Walk round the square, stopping opposite No. 21.
Continue round the square.
If you are visiting this garden on Open Garden Squares Weekend, be careful to check the opening times.
Description
Mecklenburgh Square is part of the Foundling Estate, one of two new residential squares planned in 1790 by Samuel Pepys Cockerell to provide rental income to support the Hospital and to keep the surrounding land airy and open.
The square was eventually designed by Joseph Kay, as Cockerell had fallen out with the Hospital governors. It was named after Queen Charlotte, who before her marriage was Princess of Mecklenburg-Strelitz. The garden was also laid out by Kay around 1810, and remains close to the original design, with mature planes and other ornamental trees, formal lawns and gravel paths.
Richard Henry Tawney (1880-1962), who is commemorated with a blue plaque at No. 21, was clearly fond of the square, living at four different houses: first at number 17, then number 44 and after the war at number 26, before finally settling at number 21. A Christian Socialist and professor at the London School of Economics, Tawney was one of the leading left-wing thinkers of the 20th century, a critic of capitalism and a strong influence on Labour governments after the Second World War.
Syed Ahmed Kahn (1817-1898) was a Muslim reformer and scholar who also lived at number 21. As a magistrate in the service of the East India Company, Khan saved thousands of British lives during the Indian Mutiny of 1857, and became the first Muslim to be knighted. He studied the English university system while living here, and founded a university at Aligarh on his return, which has educated many Indian Muslim leaders.
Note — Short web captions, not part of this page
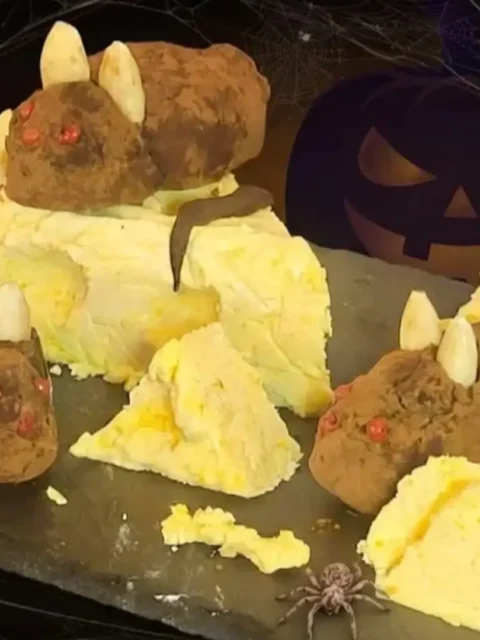 Dolcetto o scherzetto?Mousse dolce al limone e topolini di cioccolato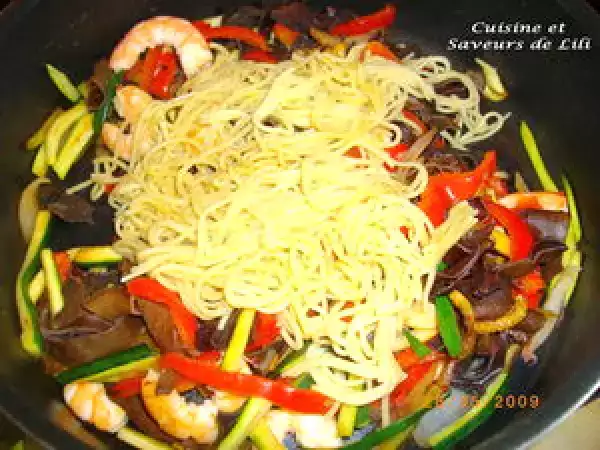 Recette Nouilles chinoises aux crevettes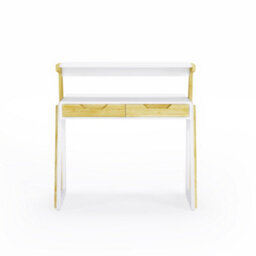 Alphason Dorel Home Palmer Adjustable Office Desk In White / Oak - thumbnail 4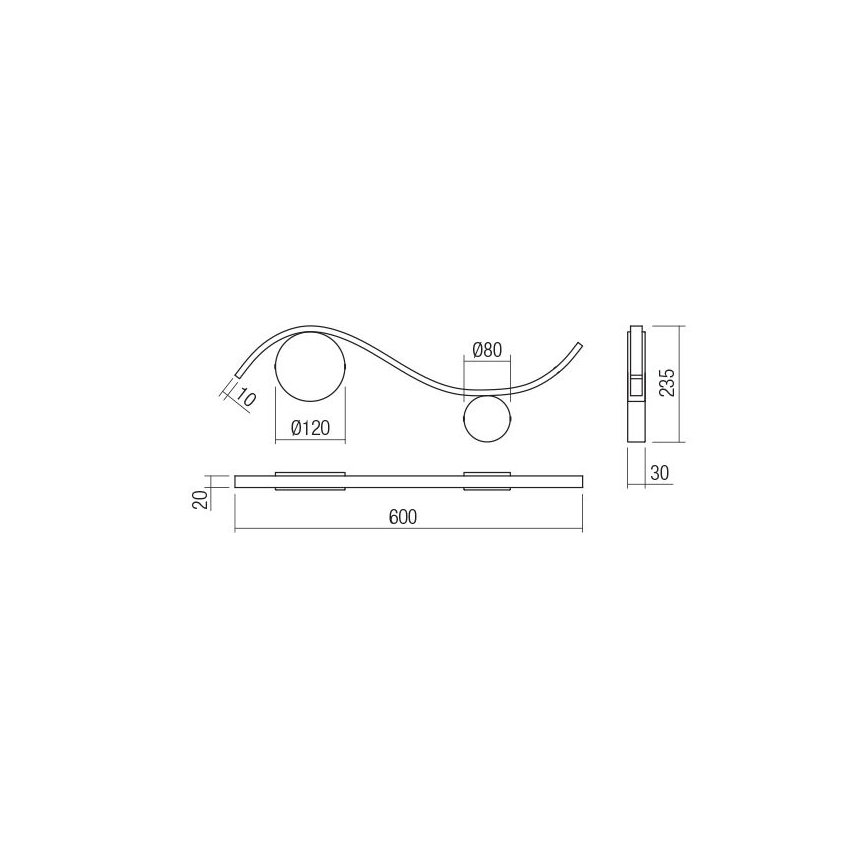 Redo 01-3109 - LED Nástěnné svítidlo WAVE LED/9W/230V mosaz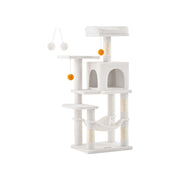 Feandrea Tall Cat Tree Tower, Cream/White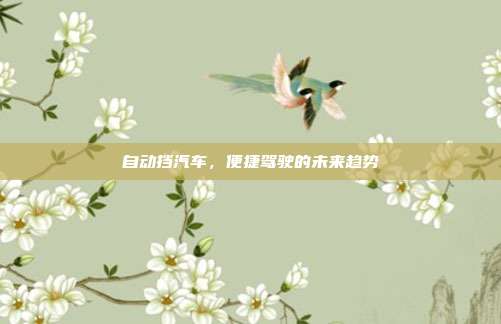自动挡汽车，便捷驾驶的未来趋势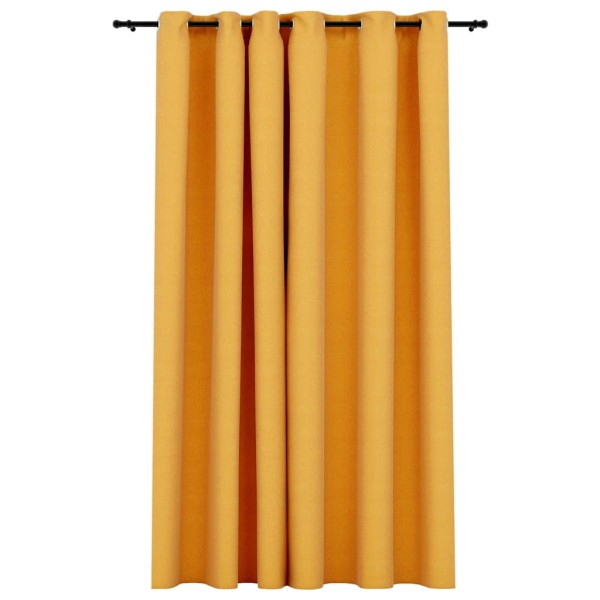 Cortina opaca con ojales look de lino amarillo 290x245 cm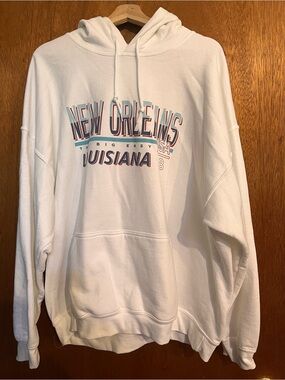 White New Orleans Louisiana Graphic Hoodie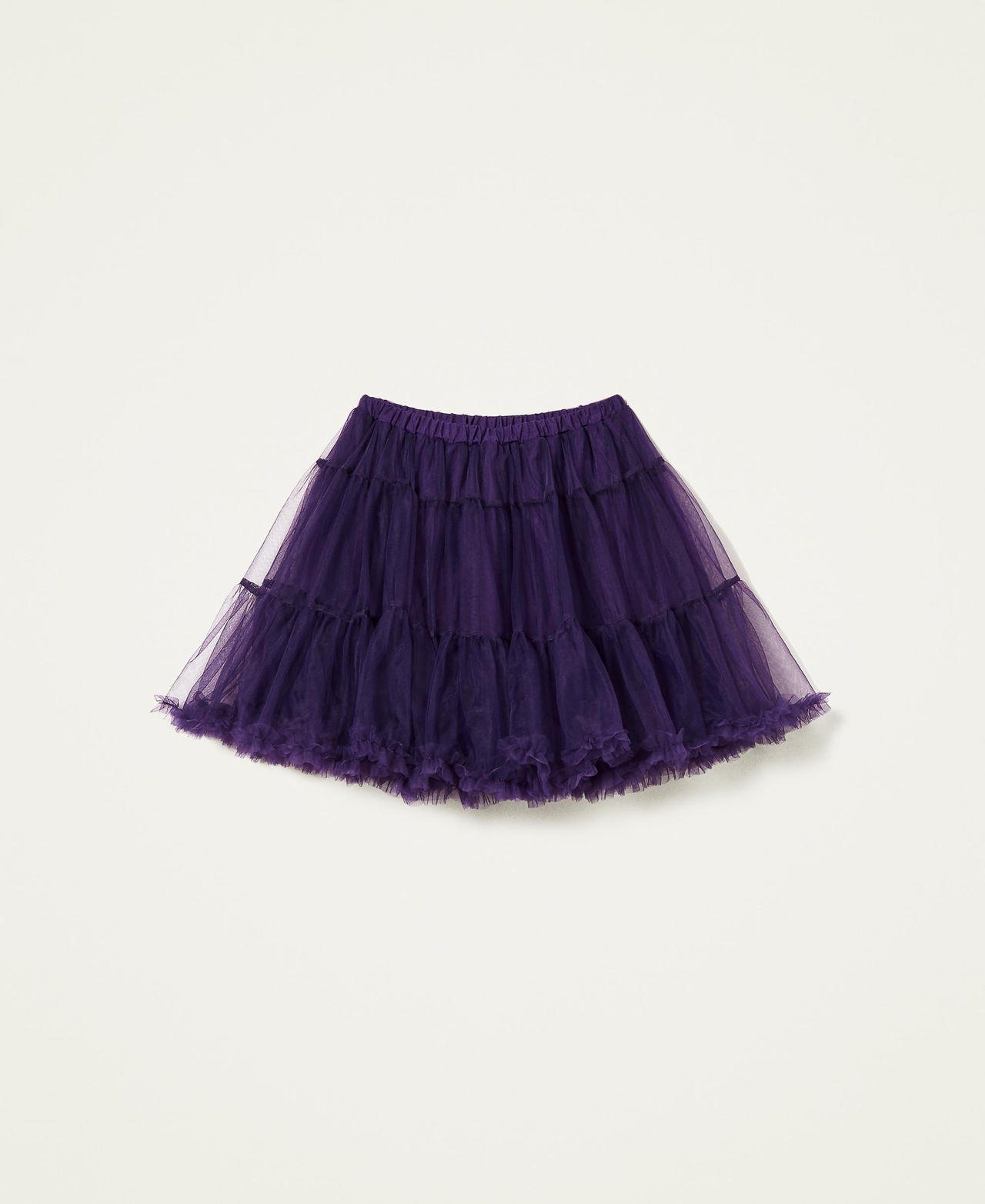 Jupe Floweritude avec volants en tulle Femme, Violet | TWINSET Milano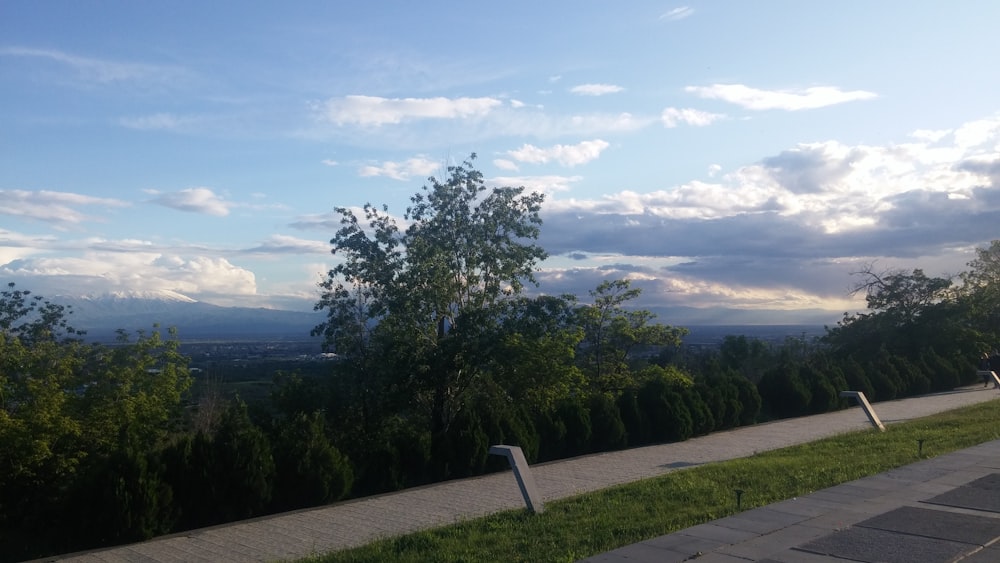 a view of the mountains from a park bench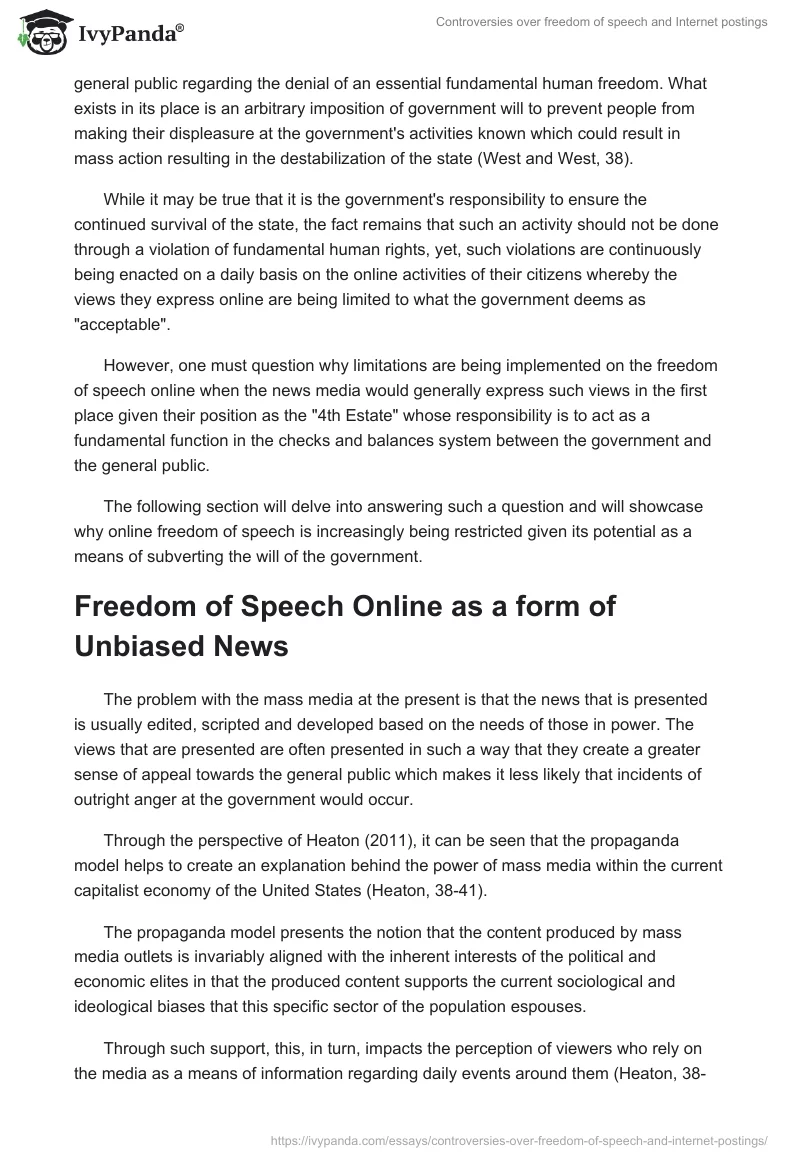 Controversies Over Freedom of Speech and Internet Postings. Page 5
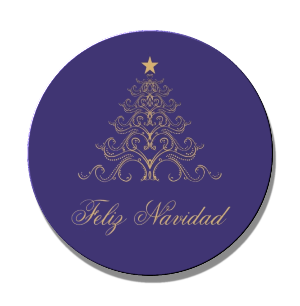 Feliz Navidad, Gold Magnet or Pin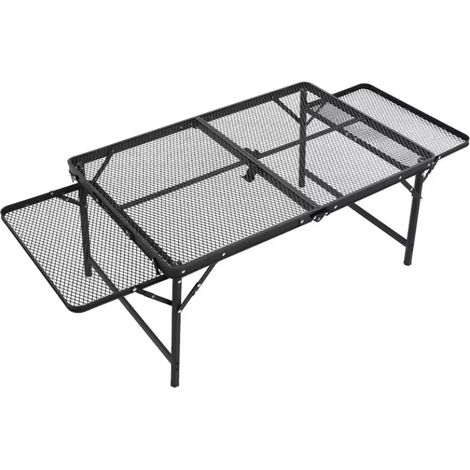 Table de camping pliante en métal avec plateau en maille, table de pique-nique portable pour fêtes et barbecues en extérieur (1/5)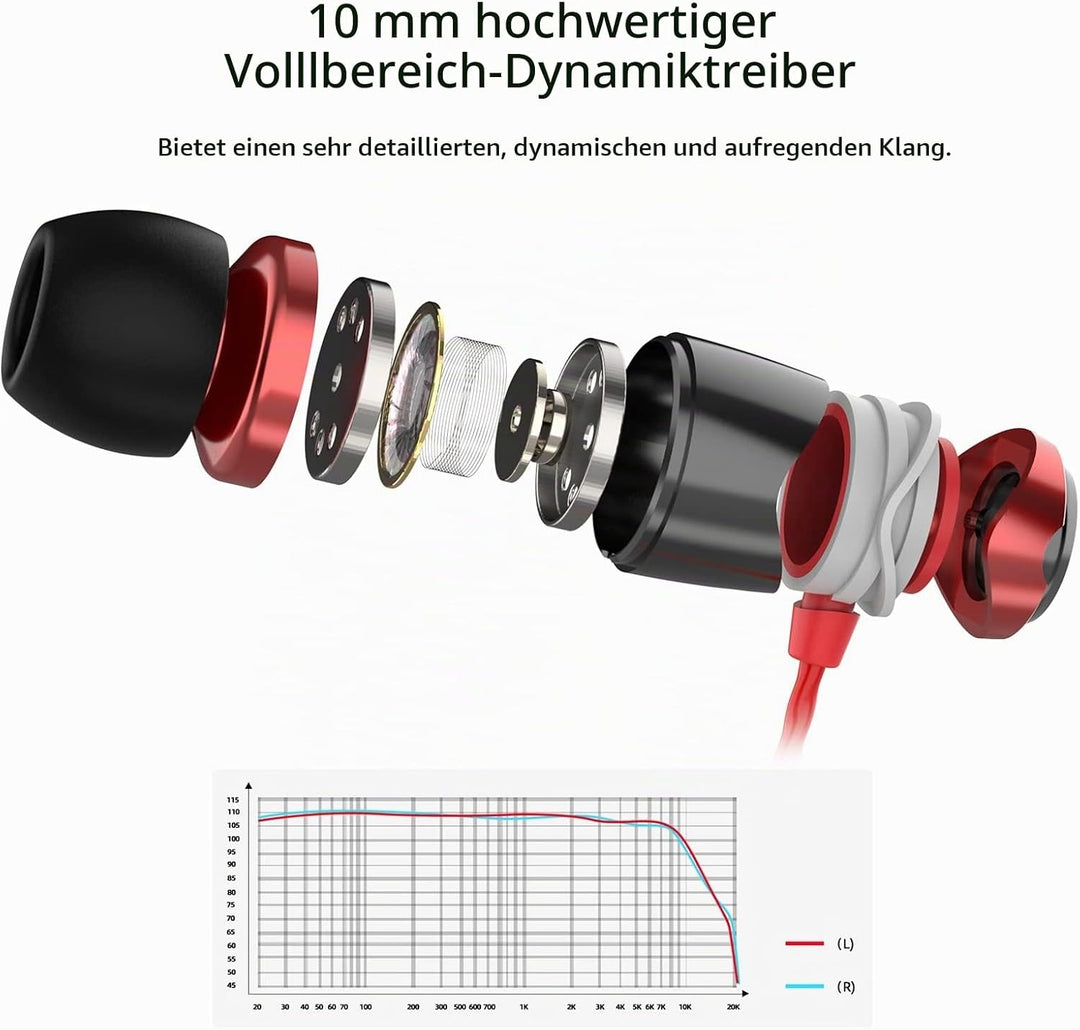 SoundMAGIC E10C Kabelgebundene Kopfhörer mit Mikrofon, HiFi-Stereo-Ohrhörer, geräuschisolierende In-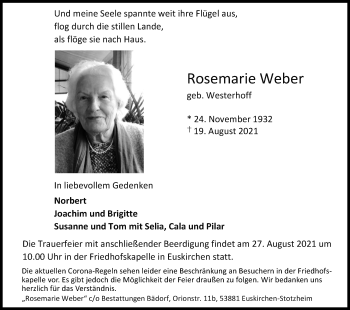 Anzeige von Rosemarie Weber von Kölner Stadt-Anzeiger / Kölnische Rundschau / Express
He was a pioneer of Islamic modernism and social reform.
William Goodenough House now stands on the site of No. 37, where Virginia and Leonard Woolf lived from 1939 to 1940. Further along at No. 44 there is a plaque to Hilda Doolittle, American Imagist poet and writer. Doolittle was married to novelist Richard Aldington, whose mistress, an American called Dorothy Yorke, lived in another part of the house. In 1917 Dorothy had her friend D.H. Lawrence to stay, who wrote part of the novel Women in Love while he was here. Also at No. 44, the crime writer Dorothy L. Sayers lived from 1918 to 1921, where she created her most famous character, Lord Peter Wimsey.